Als der 190 cm große Hüne auf das Kind im Rollstuhl zuging, um es zu greifen, hob dieses selbstbewusst die linke Handfläche nach vorne. „Halt, bleib da stehen! Komm nicht näher!“ Die Augen von Sophia wirkten entschlossen. Von Unsicherheit keine Spur. Als der Mann die Hand nach ihr ausstreckte, stoppte die 9-Jährige den Angreifer mit der linken Hand, während sie ihn mit der rechten Hand wegstieß. „Das war super“, sagte Nils Thate in die Runde der insgesamt 10 Kinder, die sich am 18. März zum Workshop getroffen hatten, um Techniken zur Gefahrenabwehr zu lernen.

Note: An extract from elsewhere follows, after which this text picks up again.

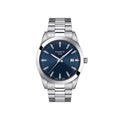 Orologio Tissot Gentleman 40mm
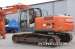 Hitachi ZX210LC-3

„Natürlich haben Kinder mit Behinderungen nur begrenzte Möglichkeiten, sich einen Aggressor vom Leib zu halten, besonders, wenn sie noch dazu auf einen Rollstuhl angewiesen sind. Daher ist ein selbstbewusstes und energisches Auftreten in solch brenzlichen Situationen um so wichtiger“, erzählt der gebürtige Bremer. Seit mehr als 12 Jahren veranstaltet die RSG Langenhagen mit Nils Thate, Selbstverteidigungstrainer der Organisation für effektive Selbstverteidigung (OFES) Workshops, um Kinder, aber auch Erwachsene, mit Behinderungen mental und körperlich gegen Übergriffe stärker zu machen. Und derartige Übergriffe gab es in der Vergangenheit viele und sie werden leider nicht weniger. Ob es sich hierbei um das freche Wegschieben eines Menschen im Rollstuhl handelt, weil man im Supermarkt sonst nicht an das Regal herankommt, das Entwenden von Taschen, die sich am Rollstuhl befinden oder extreme Überfälle in Richtung sexueller Gewalt, wovon Behinderte viel öfter betroffen sind. Deshalb ist es so wichtig, sich im Vorfeld damit vertraut zu machen, welche reellen Möglichkeiten Menschen mit körperlichen Beeinträchtigungen tatsächlich haben, um gefährlichen Situationen entgegenzuwirken. Und je früher man damit beginnt, umso größer stehen die Chancen, diese erfolgreich zu überstehen.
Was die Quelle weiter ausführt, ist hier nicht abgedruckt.